(concurring specially).
This Court entered an order denying a motion to affirm which was made pursuant to the provisions of SDCL 15-26A-87.1. This is commonly referred to as our expedited appeal rule.
The case is now before us on full briefing and is the second legal malpractice decision handed down by this Court in approximately two months.
In Nemec v. Deering, 350 N.W.2d 53 (S.D. 1984), this Court reversed a summary judgment in favor of attorney and against client holding that there were material issues of fact relative to the issue of legal malpractice. Those factual issues were fully detailed in our opinion.
Here, we affirm a summary judgment granted in favor of attorney and against client holding there are no material issues of fact. In specially joining this opinion, I elaborate on my belief that the trial court was correct in summarily dismissing the client’s lawsuit. The gravamen of the client’s complaint is that her attorney violated the attorney-client relationship and his contract for services by entering into an unauthorized option agreement with a third party and delivering a warranty deed without express authorization.
A review of the long history of this litigation reveals that the client ratified the executory contract, of which she complains attorney malpraeticed within and upon, by letters and phone calls. We have previously so held, as the majority opinion points out. Therefore, how can client complain? Client must not only establish negligence but her opportunity for obtaining a favorable judgment. Taylor Oil Co. v. Weisensee, 334 N.W.2d 27 (S.D.1983). Three previous appeals to her disadvantage, and the *467law of the case springing therefrom, ably demonstrate that the facts are not supportive of a separate cause of action in her favor and against the attorney. In this regard, as does the majority opinion, I do not hinge my vote upon collateral estoppel; for, indeed, collateral estoppel is not applicable here. Certainly, the doctrine of res judicata does not apply as it applies only to issues which have actually been litigated. Golden v. Oahe Enterprises, Inc., 90 S.D. 268, 276, 240 N.W.2d 102, 109 (1976). The contract between Staab and Skoglund has been litigated, but the contractual relationship with client and attorney has not, heretofore, been litigated.

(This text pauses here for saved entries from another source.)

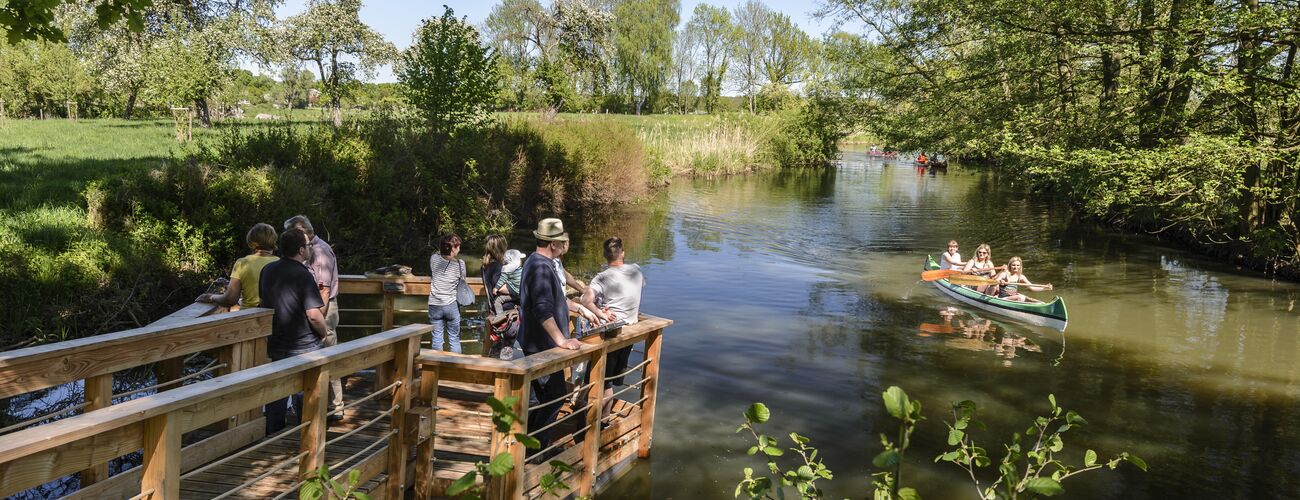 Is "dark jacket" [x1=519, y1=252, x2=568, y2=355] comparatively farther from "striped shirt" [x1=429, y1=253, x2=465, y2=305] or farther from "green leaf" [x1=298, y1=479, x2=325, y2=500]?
"green leaf" [x1=298, y1=479, x2=325, y2=500]

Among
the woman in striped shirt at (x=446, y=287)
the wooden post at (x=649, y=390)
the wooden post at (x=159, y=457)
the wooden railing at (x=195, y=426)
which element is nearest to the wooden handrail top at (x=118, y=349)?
the wooden railing at (x=195, y=426)

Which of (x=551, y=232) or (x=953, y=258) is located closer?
(x=551, y=232)

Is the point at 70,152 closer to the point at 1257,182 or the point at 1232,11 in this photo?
the point at 1232,11

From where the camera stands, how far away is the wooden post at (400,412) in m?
5.21

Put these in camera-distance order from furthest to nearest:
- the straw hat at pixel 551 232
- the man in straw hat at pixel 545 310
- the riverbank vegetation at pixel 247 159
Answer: the riverbank vegetation at pixel 247 159
the straw hat at pixel 551 232
the man in straw hat at pixel 545 310

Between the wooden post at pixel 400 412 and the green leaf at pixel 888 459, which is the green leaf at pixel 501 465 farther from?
the wooden post at pixel 400 412

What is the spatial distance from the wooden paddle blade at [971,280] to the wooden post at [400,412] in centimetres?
1320

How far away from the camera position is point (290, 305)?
6.04 meters

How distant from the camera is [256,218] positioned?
13.8m

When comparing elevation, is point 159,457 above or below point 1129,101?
below

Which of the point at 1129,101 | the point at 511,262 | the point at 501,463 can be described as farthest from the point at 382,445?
the point at 1129,101

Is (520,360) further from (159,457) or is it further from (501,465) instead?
(501,465)

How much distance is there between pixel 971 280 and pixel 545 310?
1234 centimetres

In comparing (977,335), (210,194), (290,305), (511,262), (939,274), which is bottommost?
(977,335) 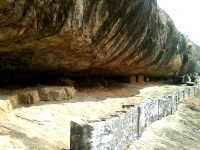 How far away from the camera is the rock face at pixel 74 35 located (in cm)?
402

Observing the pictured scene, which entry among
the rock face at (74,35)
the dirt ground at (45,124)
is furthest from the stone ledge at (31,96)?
the rock face at (74,35)

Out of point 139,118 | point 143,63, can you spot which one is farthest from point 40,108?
point 143,63

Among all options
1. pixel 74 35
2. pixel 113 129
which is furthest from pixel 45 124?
pixel 74 35

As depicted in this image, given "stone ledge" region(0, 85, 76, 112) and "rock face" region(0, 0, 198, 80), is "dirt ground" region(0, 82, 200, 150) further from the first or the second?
"rock face" region(0, 0, 198, 80)

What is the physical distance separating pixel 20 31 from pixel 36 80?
387 cm

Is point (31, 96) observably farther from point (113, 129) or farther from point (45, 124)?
point (113, 129)

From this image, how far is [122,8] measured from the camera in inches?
230

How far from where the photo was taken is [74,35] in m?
5.14

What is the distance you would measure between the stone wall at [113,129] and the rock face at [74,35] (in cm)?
202

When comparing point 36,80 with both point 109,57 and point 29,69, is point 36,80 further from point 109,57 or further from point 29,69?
point 109,57

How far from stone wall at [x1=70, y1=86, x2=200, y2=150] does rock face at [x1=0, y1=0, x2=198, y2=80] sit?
6.62 ft

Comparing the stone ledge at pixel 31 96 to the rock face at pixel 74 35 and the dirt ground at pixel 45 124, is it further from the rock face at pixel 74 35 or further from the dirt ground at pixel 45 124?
the rock face at pixel 74 35

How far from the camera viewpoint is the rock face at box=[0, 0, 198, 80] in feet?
13.2

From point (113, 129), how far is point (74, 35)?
96.3 inches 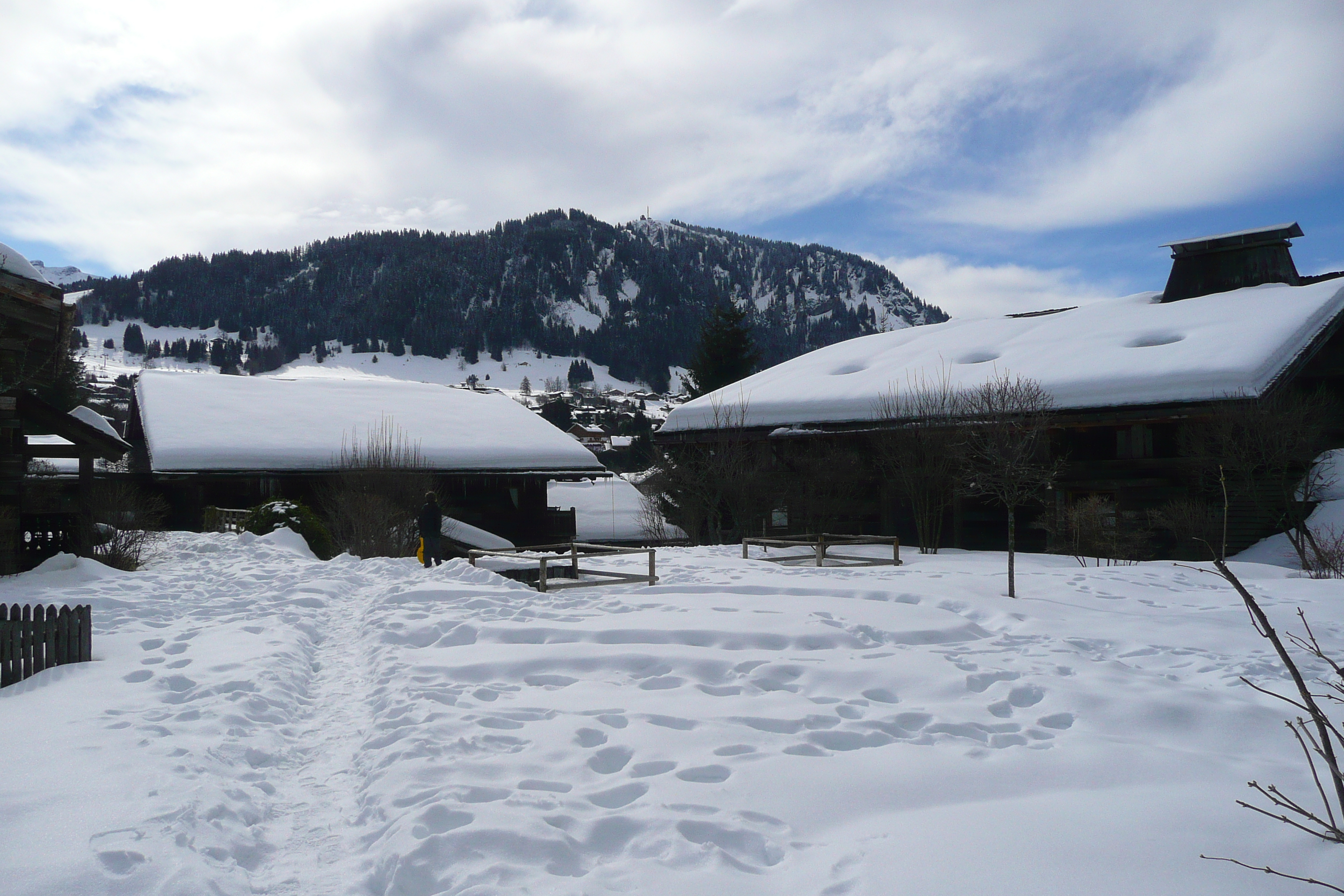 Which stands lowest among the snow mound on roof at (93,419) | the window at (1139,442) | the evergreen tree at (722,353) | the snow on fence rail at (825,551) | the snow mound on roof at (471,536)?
the snow mound on roof at (471,536)

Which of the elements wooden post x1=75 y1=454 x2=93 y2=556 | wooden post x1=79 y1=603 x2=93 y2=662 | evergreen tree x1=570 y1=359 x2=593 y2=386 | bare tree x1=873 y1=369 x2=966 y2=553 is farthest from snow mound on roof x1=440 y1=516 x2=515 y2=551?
evergreen tree x1=570 y1=359 x2=593 y2=386

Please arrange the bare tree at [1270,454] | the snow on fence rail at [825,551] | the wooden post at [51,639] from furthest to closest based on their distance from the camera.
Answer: the bare tree at [1270,454]
the snow on fence rail at [825,551]
the wooden post at [51,639]

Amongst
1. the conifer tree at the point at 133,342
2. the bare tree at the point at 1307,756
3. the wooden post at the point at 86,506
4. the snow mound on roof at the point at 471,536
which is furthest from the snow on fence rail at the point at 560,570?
the conifer tree at the point at 133,342

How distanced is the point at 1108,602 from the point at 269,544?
15.6 meters

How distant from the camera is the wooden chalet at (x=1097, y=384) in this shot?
18969 mm

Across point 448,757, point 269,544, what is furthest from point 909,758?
point 269,544

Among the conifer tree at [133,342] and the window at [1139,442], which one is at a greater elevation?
the conifer tree at [133,342]

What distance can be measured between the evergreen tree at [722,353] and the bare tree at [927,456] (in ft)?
64.1

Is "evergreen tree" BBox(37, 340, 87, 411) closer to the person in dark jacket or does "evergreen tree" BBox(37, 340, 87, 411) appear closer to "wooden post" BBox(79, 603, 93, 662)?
the person in dark jacket

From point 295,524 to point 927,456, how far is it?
1485cm

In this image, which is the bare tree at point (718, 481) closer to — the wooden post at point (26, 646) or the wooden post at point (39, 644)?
the wooden post at point (39, 644)

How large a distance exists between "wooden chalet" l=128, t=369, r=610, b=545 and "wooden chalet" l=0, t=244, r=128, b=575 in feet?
25.6

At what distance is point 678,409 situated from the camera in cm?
2689

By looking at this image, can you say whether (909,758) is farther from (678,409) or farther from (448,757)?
(678,409) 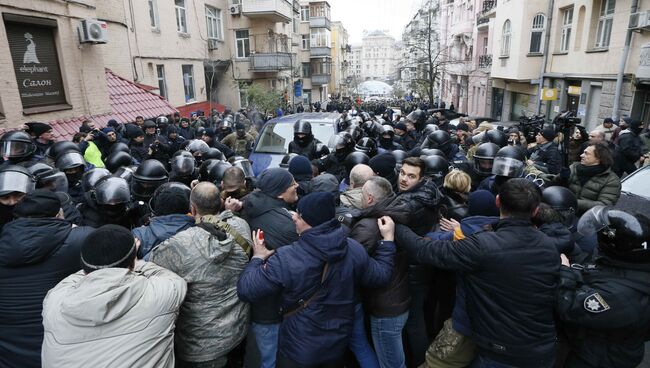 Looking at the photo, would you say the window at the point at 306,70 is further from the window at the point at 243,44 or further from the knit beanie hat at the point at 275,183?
the knit beanie hat at the point at 275,183

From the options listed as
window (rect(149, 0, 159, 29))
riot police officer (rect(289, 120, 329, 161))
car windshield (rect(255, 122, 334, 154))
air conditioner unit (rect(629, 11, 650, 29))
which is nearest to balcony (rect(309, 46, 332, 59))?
window (rect(149, 0, 159, 29))

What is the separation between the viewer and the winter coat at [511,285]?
2.26m

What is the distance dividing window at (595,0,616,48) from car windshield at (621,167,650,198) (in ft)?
33.6

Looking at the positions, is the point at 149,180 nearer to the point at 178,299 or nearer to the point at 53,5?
the point at 178,299

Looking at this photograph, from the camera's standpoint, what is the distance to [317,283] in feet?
7.70

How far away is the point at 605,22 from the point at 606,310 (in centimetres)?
1557

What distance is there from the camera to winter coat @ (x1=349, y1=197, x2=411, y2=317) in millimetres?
2773

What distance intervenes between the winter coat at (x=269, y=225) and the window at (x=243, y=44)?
81.3 feet

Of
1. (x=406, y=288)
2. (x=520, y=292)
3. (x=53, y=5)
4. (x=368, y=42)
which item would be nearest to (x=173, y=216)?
(x=406, y=288)

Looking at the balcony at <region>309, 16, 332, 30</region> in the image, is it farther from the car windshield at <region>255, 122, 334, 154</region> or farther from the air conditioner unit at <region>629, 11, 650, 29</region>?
the car windshield at <region>255, 122, 334, 154</region>

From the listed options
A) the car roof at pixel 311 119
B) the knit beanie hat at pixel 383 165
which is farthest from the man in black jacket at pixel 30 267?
the car roof at pixel 311 119

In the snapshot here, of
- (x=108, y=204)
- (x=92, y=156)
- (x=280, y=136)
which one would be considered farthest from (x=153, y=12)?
(x=108, y=204)

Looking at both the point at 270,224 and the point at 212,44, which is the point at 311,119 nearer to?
the point at 270,224

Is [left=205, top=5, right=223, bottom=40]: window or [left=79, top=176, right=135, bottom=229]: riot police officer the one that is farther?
[left=205, top=5, right=223, bottom=40]: window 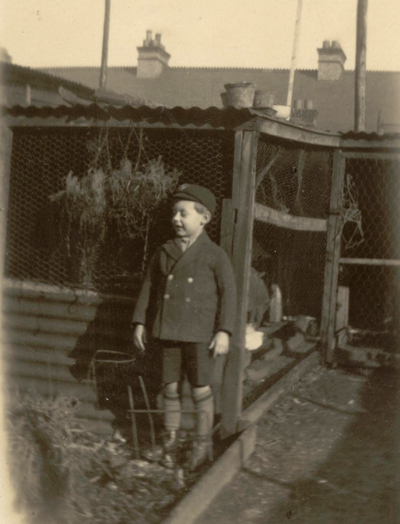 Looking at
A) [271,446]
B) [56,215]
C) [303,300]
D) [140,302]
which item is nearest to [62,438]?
[140,302]

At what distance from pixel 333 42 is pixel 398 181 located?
19120 mm

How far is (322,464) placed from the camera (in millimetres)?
4254

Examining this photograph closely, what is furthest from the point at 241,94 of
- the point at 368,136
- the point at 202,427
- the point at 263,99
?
the point at 202,427

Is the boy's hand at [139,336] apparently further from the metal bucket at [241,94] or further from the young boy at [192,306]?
the metal bucket at [241,94]

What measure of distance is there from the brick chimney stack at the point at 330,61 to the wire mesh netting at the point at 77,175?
20.2 metres

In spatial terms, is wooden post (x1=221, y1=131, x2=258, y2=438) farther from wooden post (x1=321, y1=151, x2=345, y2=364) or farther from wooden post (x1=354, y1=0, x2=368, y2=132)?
wooden post (x1=354, y1=0, x2=368, y2=132)

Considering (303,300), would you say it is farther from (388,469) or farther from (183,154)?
(388,469)

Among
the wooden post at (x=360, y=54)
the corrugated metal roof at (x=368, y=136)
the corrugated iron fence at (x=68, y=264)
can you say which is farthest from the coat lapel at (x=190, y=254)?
the wooden post at (x=360, y=54)

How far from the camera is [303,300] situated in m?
8.06

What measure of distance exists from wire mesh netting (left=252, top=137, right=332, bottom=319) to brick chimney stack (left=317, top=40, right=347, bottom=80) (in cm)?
1774

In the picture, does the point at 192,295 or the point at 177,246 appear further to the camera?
the point at 177,246

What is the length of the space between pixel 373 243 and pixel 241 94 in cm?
345

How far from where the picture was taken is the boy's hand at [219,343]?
4.00 m

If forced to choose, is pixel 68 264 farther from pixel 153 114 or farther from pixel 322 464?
pixel 322 464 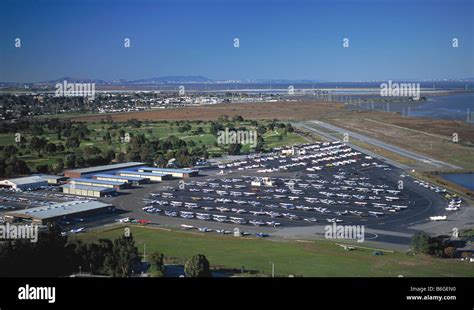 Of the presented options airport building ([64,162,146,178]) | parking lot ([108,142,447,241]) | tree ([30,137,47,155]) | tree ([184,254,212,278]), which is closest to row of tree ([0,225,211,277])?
tree ([184,254,212,278])

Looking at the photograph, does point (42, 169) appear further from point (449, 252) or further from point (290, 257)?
point (449, 252)

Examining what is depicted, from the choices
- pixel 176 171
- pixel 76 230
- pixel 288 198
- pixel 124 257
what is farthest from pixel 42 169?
pixel 124 257

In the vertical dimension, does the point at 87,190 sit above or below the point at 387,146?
below

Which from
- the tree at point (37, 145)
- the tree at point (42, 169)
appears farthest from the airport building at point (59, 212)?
the tree at point (37, 145)

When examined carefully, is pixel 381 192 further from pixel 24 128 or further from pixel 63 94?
pixel 63 94

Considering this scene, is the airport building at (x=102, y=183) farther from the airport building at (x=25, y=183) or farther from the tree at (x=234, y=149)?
the tree at (x=234, y=149)

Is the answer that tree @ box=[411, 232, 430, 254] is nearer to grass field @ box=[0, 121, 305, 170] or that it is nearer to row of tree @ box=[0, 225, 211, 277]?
row of tree @ box=[0, 225, 211, 277]

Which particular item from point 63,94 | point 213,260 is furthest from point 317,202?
point 63,94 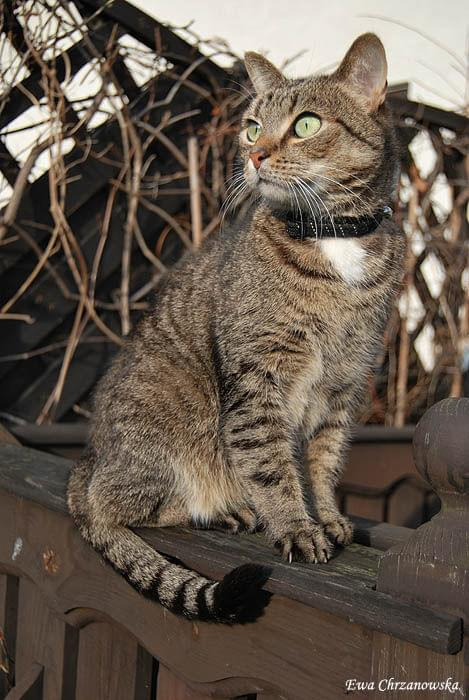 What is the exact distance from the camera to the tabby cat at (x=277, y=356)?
181 cm

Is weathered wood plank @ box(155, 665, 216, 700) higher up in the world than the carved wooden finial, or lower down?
lower down

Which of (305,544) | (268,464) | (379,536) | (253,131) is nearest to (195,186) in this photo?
(253,131)

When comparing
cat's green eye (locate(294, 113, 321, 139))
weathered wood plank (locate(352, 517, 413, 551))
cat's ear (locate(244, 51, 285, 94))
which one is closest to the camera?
weathered wood plank (locate(352, 517, 413, 551))

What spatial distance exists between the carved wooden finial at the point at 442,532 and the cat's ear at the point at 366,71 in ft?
3.62

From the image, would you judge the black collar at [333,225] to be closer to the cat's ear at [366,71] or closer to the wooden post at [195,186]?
the cat's ear at [366,71]

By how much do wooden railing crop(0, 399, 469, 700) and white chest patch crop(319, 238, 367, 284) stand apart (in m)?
0.66

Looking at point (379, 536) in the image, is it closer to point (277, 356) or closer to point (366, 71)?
point (277, 356)

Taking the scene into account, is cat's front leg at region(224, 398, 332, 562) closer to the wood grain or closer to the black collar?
the wood grain

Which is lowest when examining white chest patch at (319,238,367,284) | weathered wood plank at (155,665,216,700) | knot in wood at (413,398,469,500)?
weathered wood plank at (155,665,216,700)

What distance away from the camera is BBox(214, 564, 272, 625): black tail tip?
50.4 inches

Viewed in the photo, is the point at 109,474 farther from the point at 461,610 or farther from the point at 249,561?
the point at 461,610

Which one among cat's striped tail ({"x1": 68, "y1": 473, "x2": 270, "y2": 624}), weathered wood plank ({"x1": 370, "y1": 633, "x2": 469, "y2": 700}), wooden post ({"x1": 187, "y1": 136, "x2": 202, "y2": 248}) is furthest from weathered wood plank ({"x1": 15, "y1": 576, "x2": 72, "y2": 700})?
wooden post ({"x1": 187, "y1": 136, "x2": 202, "y2": 248})

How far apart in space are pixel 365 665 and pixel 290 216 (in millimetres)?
1199

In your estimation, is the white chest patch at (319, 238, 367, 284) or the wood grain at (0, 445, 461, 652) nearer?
the wood grain at (0, 445, 461, 652) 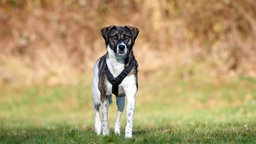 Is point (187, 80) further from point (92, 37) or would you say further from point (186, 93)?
point (92, 37)

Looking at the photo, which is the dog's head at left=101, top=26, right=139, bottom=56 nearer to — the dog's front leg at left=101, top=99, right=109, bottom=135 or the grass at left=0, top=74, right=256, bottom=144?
the dog's front leg at left=101, top=99, right=109, bottom=135

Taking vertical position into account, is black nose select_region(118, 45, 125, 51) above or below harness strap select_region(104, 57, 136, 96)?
above

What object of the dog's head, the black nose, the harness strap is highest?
the dog's head

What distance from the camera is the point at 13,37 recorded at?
31.0 m

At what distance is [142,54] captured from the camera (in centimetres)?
2717

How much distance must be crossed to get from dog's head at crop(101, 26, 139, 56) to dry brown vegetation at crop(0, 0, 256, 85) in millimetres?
15186

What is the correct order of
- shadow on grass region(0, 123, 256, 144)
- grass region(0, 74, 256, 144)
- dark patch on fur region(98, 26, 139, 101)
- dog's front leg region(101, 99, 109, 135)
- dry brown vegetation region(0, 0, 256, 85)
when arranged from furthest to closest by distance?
dry brown vegetation region(0, 0, 256, 85) < grass region(0, 74, 256, 144) < dog's front leg region(101, 99, 109, 135) < dark patch on fur region(98, 26, 139, 101) < shadow on grass region(0, 123, 256, 144)

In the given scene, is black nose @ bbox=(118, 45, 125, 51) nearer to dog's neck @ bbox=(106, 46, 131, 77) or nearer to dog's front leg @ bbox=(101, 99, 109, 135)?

Without sacrificing my dissent in Cook v. Rezek, cited in the majority opinion, for collateral estoppel was used as a basis in the Court’s decision in said case though not pleaded, whereas in this case the majority opinion concedes collateral estoppel should not have been used by the trial court, I would anchor the decision on language employed by this Court in Uken v. Sloat, 296 N.W.2d 540, 542 (S.D.1980). We stated: “In reviewing [a] trial court’s order granting summary judgment, we premise our decision on the principle that affirmance of such a judgment is proper if there exists any basis which would support the trial court’s ruling.” Ordinarily, summary judgment should not be employed in negligence actions; this is a negligence action. Also, summary judgment is an extreme remedy and should be awarded only when the truth is clear, and all reasonable doubt touching upon the existence of a genuine issue as to a material fact should be resolved against the movant. Although there might well be some factual dispute between this attorney and client, there does not appear to be a genuine issue as to a material fact. Therefore, the attorney is entitled to judgment as a matter of law and under the precedent of Uken, 296 N.W.2d 540.